■ What you will do ■
In this exercise, the entries below include pictures. Repeat exactly the lines from the line with "Erysimum cheiri" to the line with "Bài trên Báo", including both, but without the pictures.

■ Exercise material ■
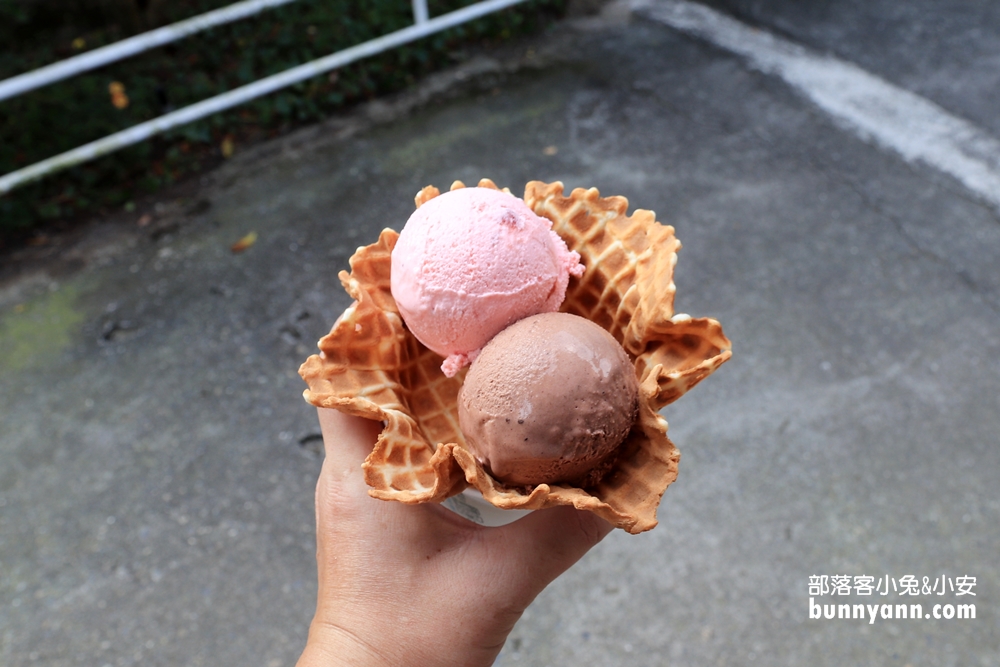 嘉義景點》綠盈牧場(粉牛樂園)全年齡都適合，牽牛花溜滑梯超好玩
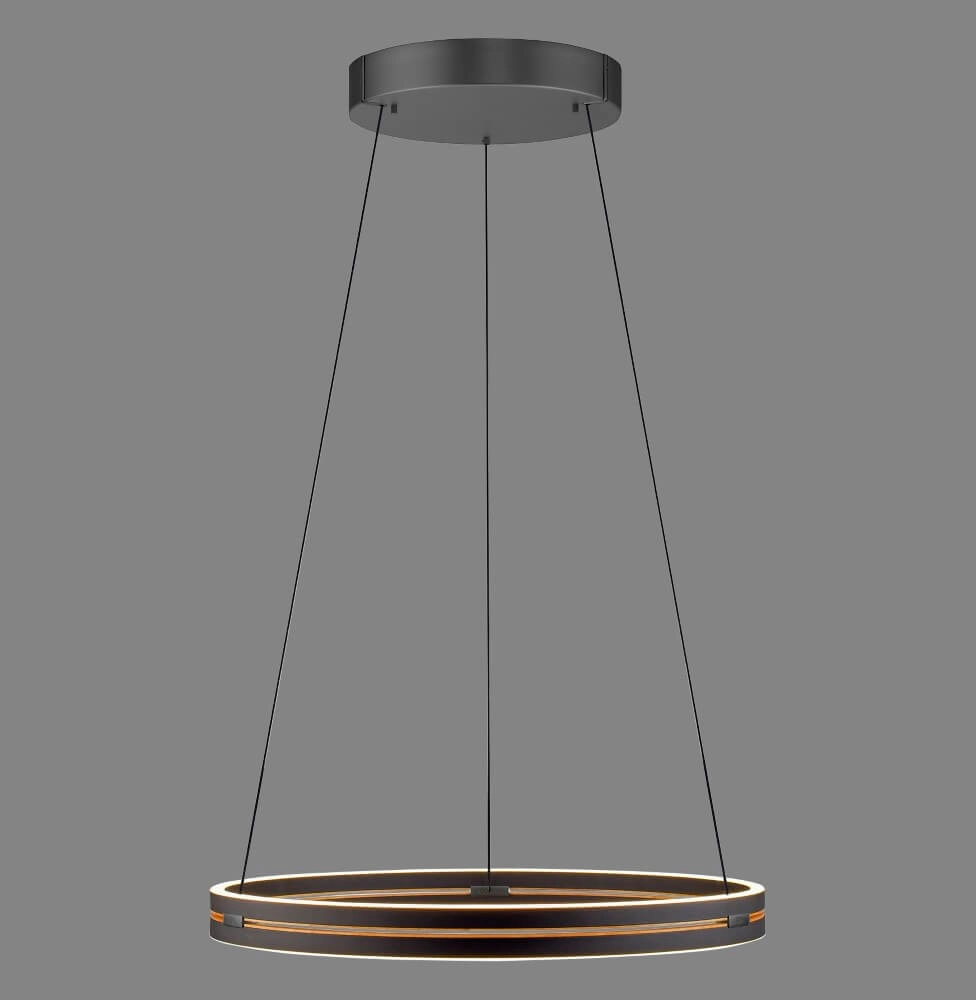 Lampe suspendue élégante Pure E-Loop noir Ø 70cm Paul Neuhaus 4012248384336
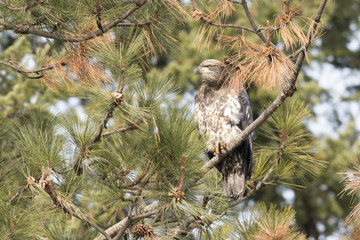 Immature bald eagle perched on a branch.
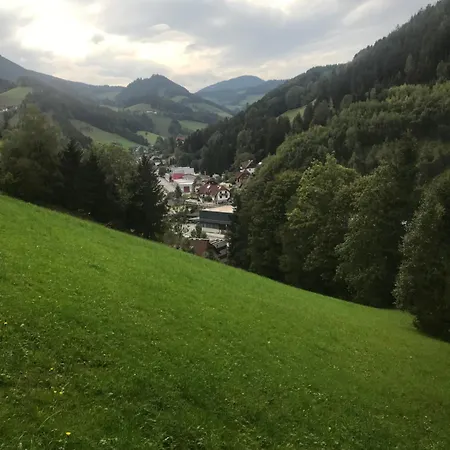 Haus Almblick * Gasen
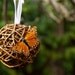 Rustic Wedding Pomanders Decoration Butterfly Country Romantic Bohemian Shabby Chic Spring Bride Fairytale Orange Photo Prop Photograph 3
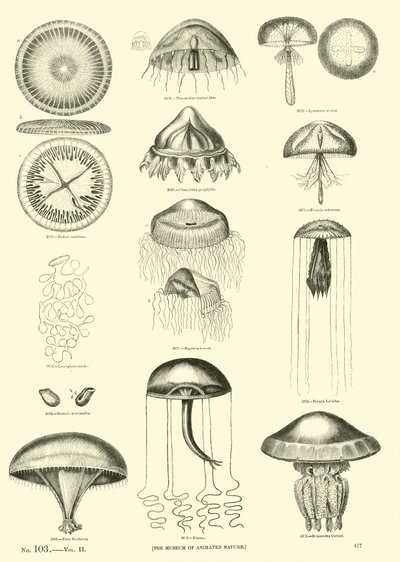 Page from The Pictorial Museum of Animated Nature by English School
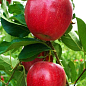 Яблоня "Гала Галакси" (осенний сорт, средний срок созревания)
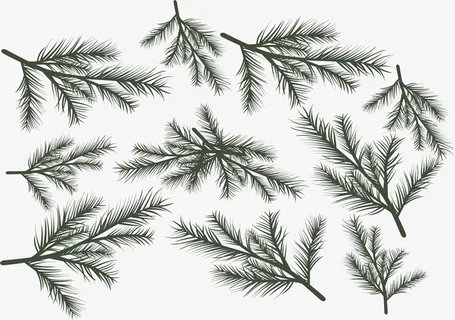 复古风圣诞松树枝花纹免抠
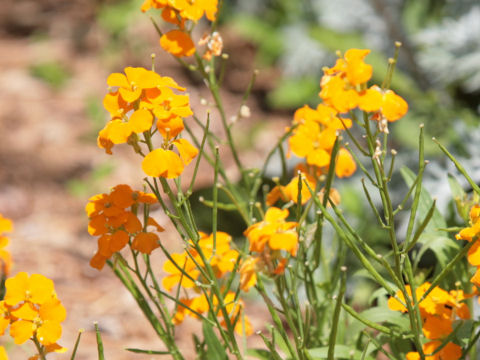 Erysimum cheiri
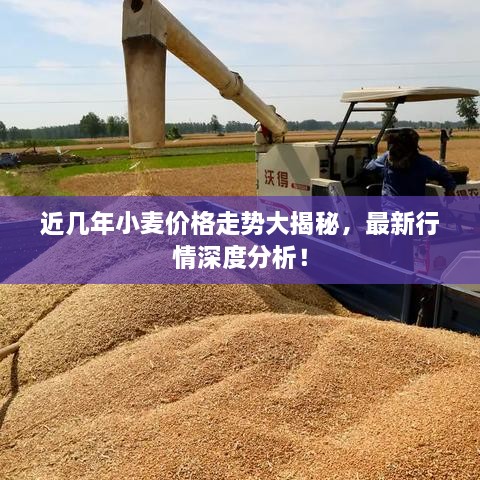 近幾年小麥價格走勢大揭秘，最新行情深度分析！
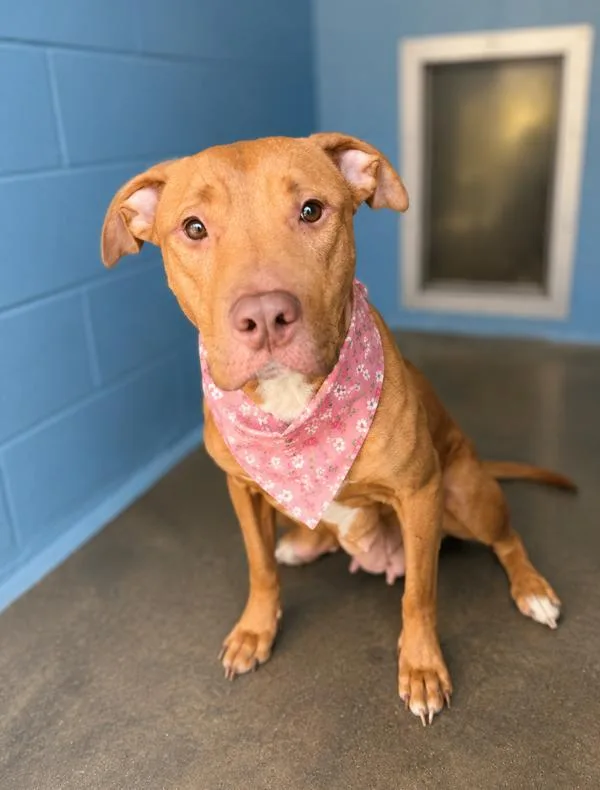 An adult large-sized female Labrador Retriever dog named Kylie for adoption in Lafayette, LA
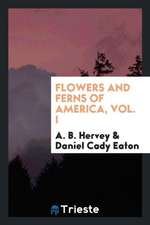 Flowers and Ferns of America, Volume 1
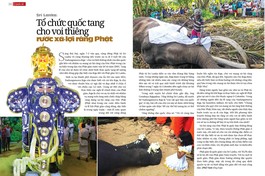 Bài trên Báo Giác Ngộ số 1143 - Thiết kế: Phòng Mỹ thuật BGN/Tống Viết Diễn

...

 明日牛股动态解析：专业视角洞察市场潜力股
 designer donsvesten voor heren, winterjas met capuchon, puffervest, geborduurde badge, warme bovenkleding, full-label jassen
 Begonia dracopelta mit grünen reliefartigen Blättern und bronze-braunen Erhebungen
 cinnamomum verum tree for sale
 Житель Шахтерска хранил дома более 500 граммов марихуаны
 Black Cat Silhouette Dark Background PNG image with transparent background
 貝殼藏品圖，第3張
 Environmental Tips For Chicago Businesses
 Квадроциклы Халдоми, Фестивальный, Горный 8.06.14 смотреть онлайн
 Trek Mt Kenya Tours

==

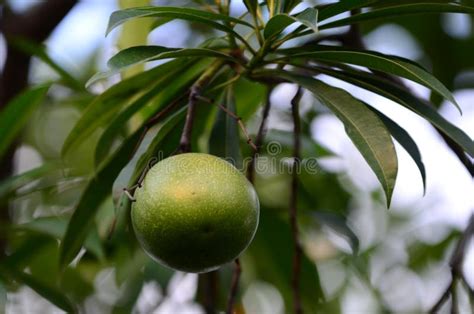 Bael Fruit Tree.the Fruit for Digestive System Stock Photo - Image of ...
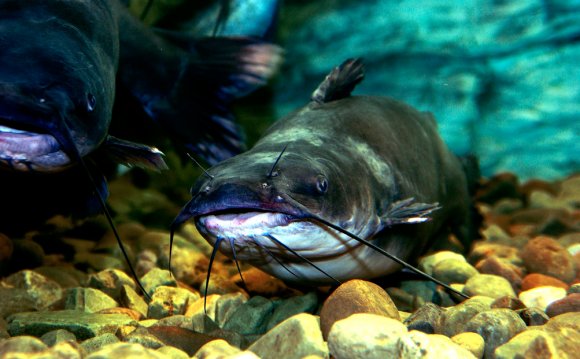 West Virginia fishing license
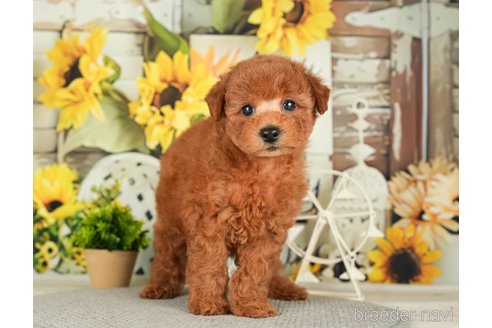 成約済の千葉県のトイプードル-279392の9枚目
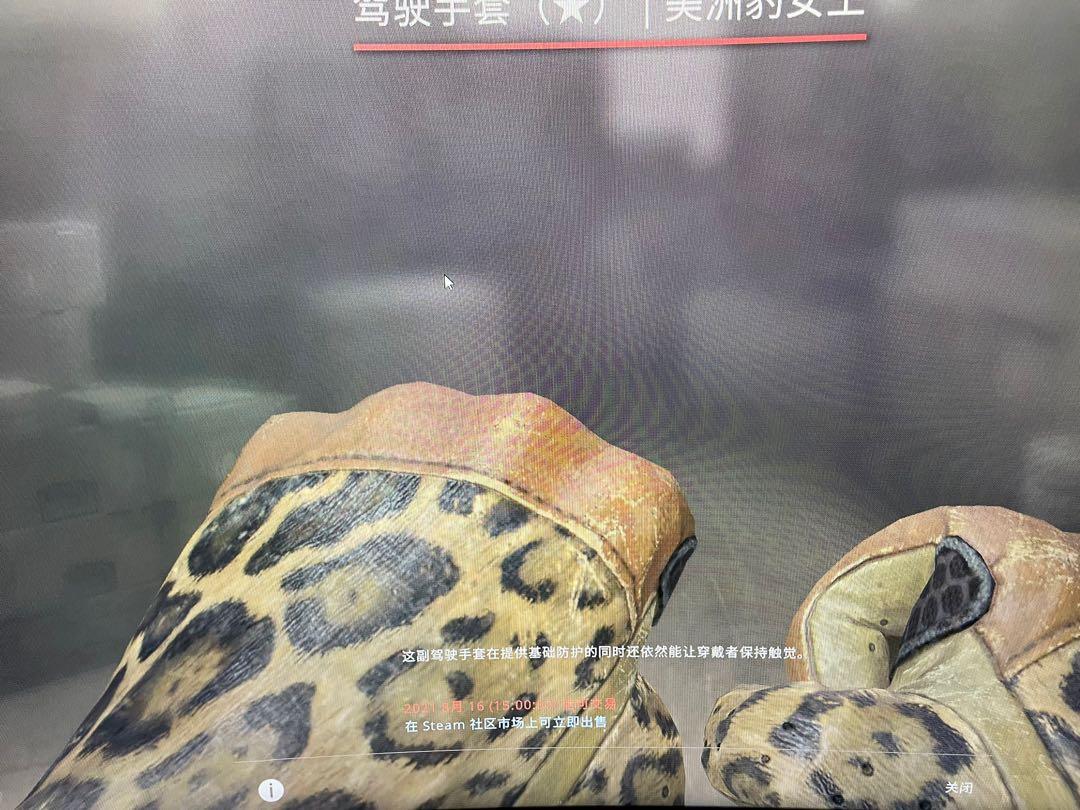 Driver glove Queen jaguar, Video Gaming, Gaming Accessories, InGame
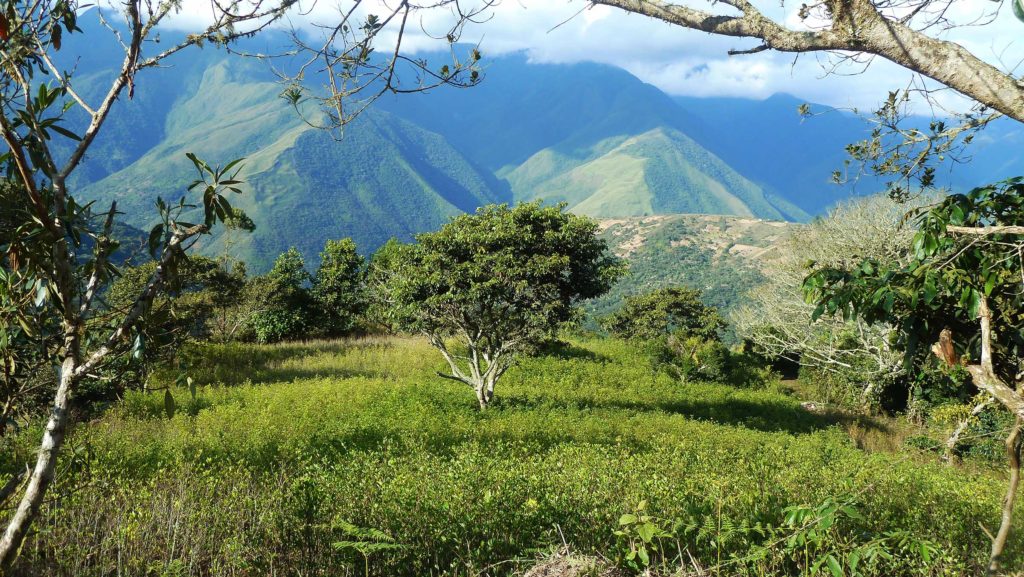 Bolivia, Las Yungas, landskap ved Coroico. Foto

■ Exercise answer ■
 Erysimum cheiri
 近幾年小麥價格走勢大揭秘，最新行情深度分析！
 An adult large-sized female Labrador Retriever dog named Kylie for adoption in Lafayette, LA
 Flowers and Ferns of America, Volume 1
 Bài trên Báo Giác Ngộ số 1143 - Thiết kế: Phòng Mỹ thuật BGN/Tống Viết Diễn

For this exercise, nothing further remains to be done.